Penggelembungan Suara
Keberatan terkait dengan penggelembungan suara dialami oleh
PKS di Distrik Abepura. Menurut Basri, seorang saksi PKS, rekapitulasi suara
dari formulir C1 yang dimilikinya di Distrik Abepura (dapil Kota Jayapura 2)
menunjukkan suara PKS berada di urutan ke 8 dari 12 kursi yang tersedia. Namun
setelah pleno di tingkat distrik, suara PKS merosot ke posisi ke-13 dan tidak
mendapatkan kursi.
Saksi dari PKS ini menyatakan bahwa suara partainya
memang tetap, tetapi ia mendapatkan bahwa suara dari caleg dan parpol lain
menggelembung. Bahkan, ada yang penggelembungannya mencapai 2.000 suara. Saat
ini, dengan berbekal dokumen C1 yang dimiliki, saksi-saksi PKS ini sedang
berjuang mengembalikan posisi raihan suara.
Petugas Penyelenggara Pemilu Terlibat
Pelanggaran pemilu ternyata tidak hanya melibatkan parpol
dan caleg, namun sudah menyusup hingga ke petugas penyelenggara pemilu. Sebut
saja contohnya, KPU Asmat yang ternyata tidak mengikuti peraturan dalam
perekapan hasil pemilu. Para saksi dari sejumlah parpol mempertanyakan tidak
adanya transparansi saat pelaksanaan pleno. Diduga kuat pleno pleno KPU Asmat
tidak dilakukan di daerahnya.
“Entah di mana dilakukan pleno dan tiba-tiba sudah
diserahkan hasilnya kepada KPU Papua,” ujar seorang saksi parpol.
Akibatnya, dalam dokumen rekapitulasi di tingkat KPU
Asmat tidak ada tanda tangan dari para saksi.

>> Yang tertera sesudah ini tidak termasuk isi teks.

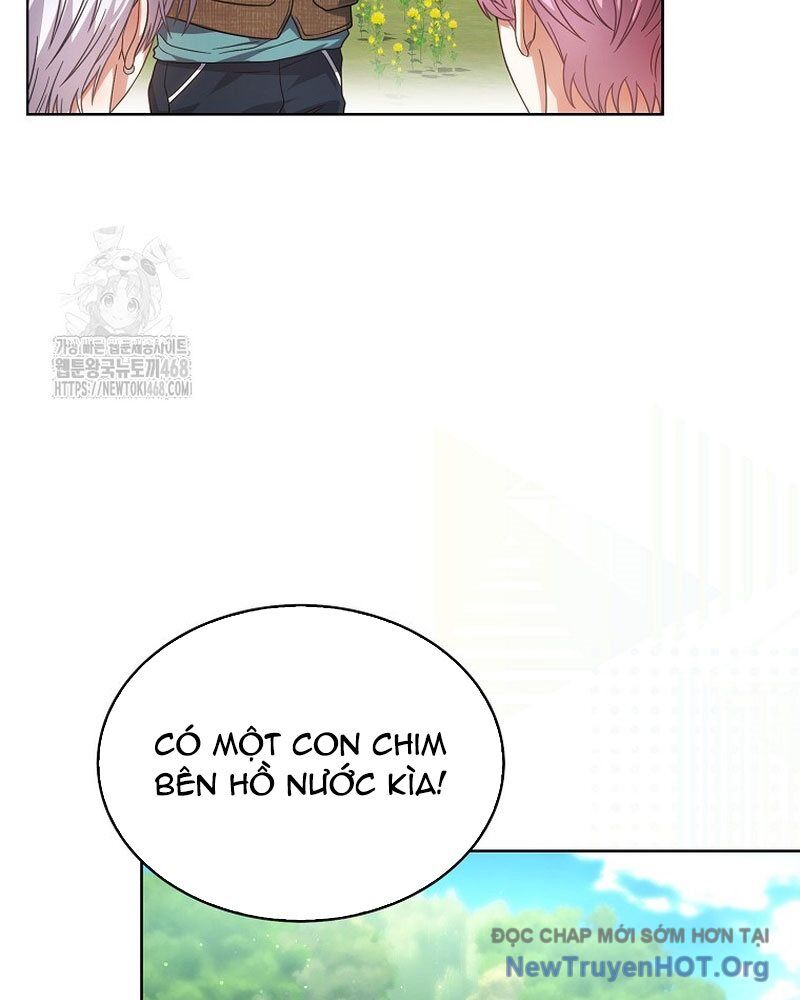Ra Mắt Hay Ra Đi Chapter 80 - 64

Hal yang lebih mengejutkan lagi adalah hilangnya hasil
rekapitulasi suara di 6 distrik Kabupaten Sarmi. Hal ini diketahui setelah tiga
komisioner KPU Sarmi melaporkan kejadian tersebut kepada Polres Sarmi. Kotak
suara berisi dokumen-dokumen tersebut tidak ada di kantor KPU, sementara pleno
belum diselenggarakan. Usut punya usut akhirnya tercium juga bahwa dokumen-dokumen
tersebut sedang dilarikan oleh Ketua KPU Sarmi, Pdt Yosep Twety, S.Th. Benar saja,
ketika dilakukan pengejaran dan penangkapan ketua KPU Sarmi, kotak yang
dimaksud ada di mobil yang hendak dibawanya entah menuju ke mana. Saat itu
posisi ketua KPU Sarmi tengah berada di perjalanan di Bonggo.
Catatan buruk lainnya terjadi di Kabupaten Yahukimo. Bupati
Kabupaten Yahukimo mengaku siap melaporkan KPU Yahokimo ke pihak berwajib. Menurut
bupati, KPU Yahokimo berada dibalik semua carut-marut pemilu di kabupatennya.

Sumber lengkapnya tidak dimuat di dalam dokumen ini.